Perhaps the last reason why these private parties have been on the rise, is constant persecution from Lebanon’s corrupt police force. Clubbers are often the targets of “random” stop-and-frisks in an attempt to score a bribe from members of society seen as “not conservative enough”. This has emboldened the clubbing community and made it more tightly knit. In these private parties, the sidelines are often folks sipping on their drinks and discussing the situation in the country and how to fix it. Human rights, LGBT rights, gender equality, free speech are all topics no one ever expected clubbers to care for. The political and security situation was what people tried to forget at night while partying, but now, they know that unchecked political corruption endangers their way of life. So much so, that several clubs encouraged their patrons to participate in pro-reform protests across the country, even offering a free cocktail for those that had protested before going out clubbing in true Beirut style.
In other words, the nightlife scene has also become a powerful lobby of liberal, tolerant, young Lebanese born after the country’s devastating civil war. For example, C U NXT SAT welcomed election campaigns by a list of candidates that included some of their usual patrons, alongside a campaign to gather warm clothes for refugees throughout winter. What used to be a scheme to make money off of wealthy tourists, has transformed into a subculture that yearns for change and is working on it during the week before they hit the clubs on weekends.

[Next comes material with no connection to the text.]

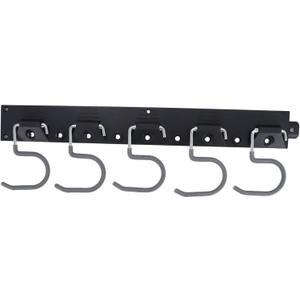 Garage Organizers Set Wall Mounted Broom Storage Garden Tool Organizer Heavy Duty Plastic Metal Hooks Garage Organizer Wall Hanger Random Color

It might seem surprising or odd, but there are few spots in Lebanon where you will see Christians, Shiites, Sunnis, Druzes, Copts, Yazidis, Syrians, Iranians, Saudis, Palestinians, European and US expats together having a good time and keeping their sectarian and ideological differences at the door, hoping for a better tomorrow—albeit with a monumental hangover caused by decades of unrest and wars.